High Court Of Judicature at Allahabad|01 February, 2006

JUDGMENT / ORDER

JUDGMENT O.N. Khandelwal, J.
1. This revision under Section 115 of the C.P.C. has been preferred against the order dated 2.4.2004, passed by District Judge, Lucknow in an execution case whereby revisionists' objection moved under Section 47 of the C.P.C. has been rejected.
2. Relevant facts of the case, are that in pursuance of an agreement between the parties of this revision, with regard to execution of some work in Joshi Math, district Chamoli (now in Uttaranchal), the dispute was referred to the arbitrator by order of the High Court dated 24.3 1998 under Section 11(6) of the Arbitration and Conciliation Act, 1996.
3. Sri G.S. Pandey the then District Judge, Faizabad, was appointed as arbitrator. The claim of the respondent was allowed partly whereby he was held entitled to get Rs. 2,24,111 alongwith interest from the opposite party (i.e., State of U.P. and the Engineer-in-Chief P.W.D., Lucknow).

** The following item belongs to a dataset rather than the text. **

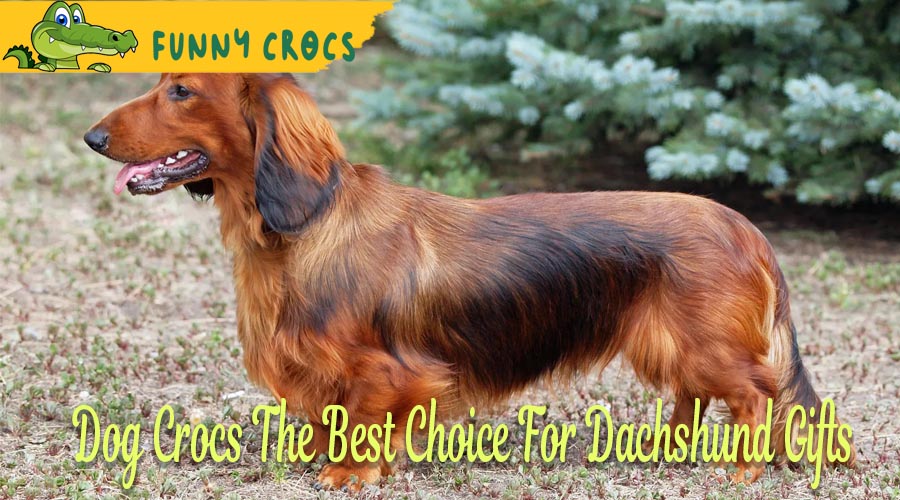 Dog Crocs Is The Best Choice For Dachshund Gifts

4. The award dated 12.7.2002 was put to execution against the revisionists. The revisionists in their objection under Section 47 of the Code of Civil Procedure raised two objections. Firstly, that after coming into force of U.P. Re-organisation Act, 2000, district Chamoli having become part of newly created State of Uttaranchal, it was the State of Uttaranchal, which is liable to satisfy the decree and secondly that since the award was passed after the creation of the State of Uttaranchal, therefore, the Court at Lucknow had no Jurisdiction to proceed with the execution. Both these objections have been rejected by the learned District Judge, Lucknow, against which this revision has been filed.

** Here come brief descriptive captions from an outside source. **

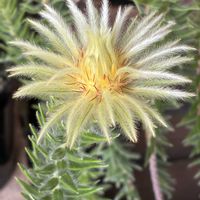 スズラン,ビバーナム ティヌス,フィリカ フェザーヘッド,ライスフラワー カシスピンクの画像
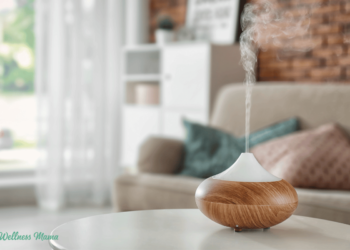 Best Essential Oil Diffusers for Aromatherapy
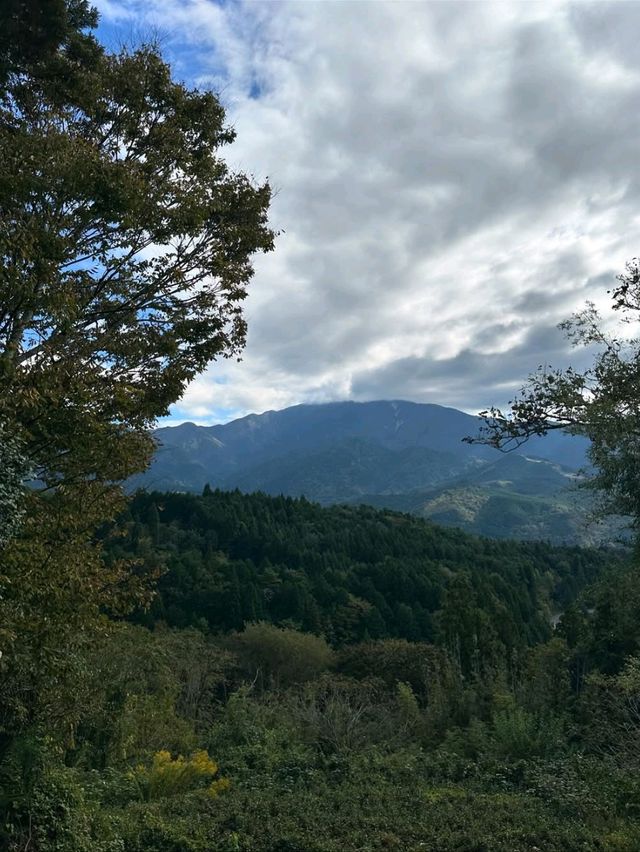 Spring Wanders in Magome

5. I have heard the learned standing counsel appearing on behalf of the revisionist and Sri J.P. Goel appearing on behalf of the respondent-decree holder.
6. It was contended by the respondents that Clause 32(C) of the general conditions of contract which constitutes the arbitration agreement between the parties makes following provisions regarding the Court, which will have jurisdiction to execute the award:
Any suit or application for the enforcement of this arbitration clause shall be filed in competent court at Lucknow, and no other court of any other district of the Pradesh or outside Uttar Pradesh shall have any Jurisdiction in the matter. The award of the Arbitrator shall be final, conclusive and binding on both parties of the contract.

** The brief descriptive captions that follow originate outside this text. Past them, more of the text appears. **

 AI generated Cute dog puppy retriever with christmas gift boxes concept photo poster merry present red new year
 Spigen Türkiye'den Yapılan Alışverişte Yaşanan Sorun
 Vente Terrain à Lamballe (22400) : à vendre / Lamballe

7. Therefore, the District Judge, Lucknow was competent to entertain the execution application. Hon. Supreme Court also in Shree Subhlaxmi Fabrics Put. Ltd. v. Chand Mai Baradia and Ors. 2005 (1) Arb LR 623 (SC), has observed that if the contract contains a clause that dispute under contract shall be decided by a particular court and no other court then only that Court will be competent to hear the dispute.
8. An award becomes enforceable under Section 36 of the Arbitration and Conciliation Act, 1996, according to which the award shall be enforced under the Code of Civil Procedure, 1908, in the same manner as if it were a decree of the Court. The execution is dealt with in Order XXI of the Code of Civil Procedure. Rule 10 says that "where the holder of a decree desires to execute it, he shall apply to the Court which passed the decree or to the officer (if any) appointed in this behalf." Since the Judgment debtors resided in Lucknow. therefore, naturally the execution application for recovery of the amount under award could have been filed in the Court at Lucknow.
9. It was argued that the word "Court" as defined in Section 2(1)(e) of the Arbitration Act means "the Principal Civil Court of original Jurisdiction in a district having Jurisdiction to decide the question forming the subject-matter of the arbitration if the same had been the subject-matter of the suit...."
10. Even viewed from this point of view only the Court at Lucknow had jurisdiction under this provision because the jurisdiction to decide the question forming the subject-matter of the arbitration had been conferred to Lucknow Court in the agreement executed between the parties. Thus, finding given by the learned District Judge with respect to the maintainability of the execution application at Lucknow is in accordance with law.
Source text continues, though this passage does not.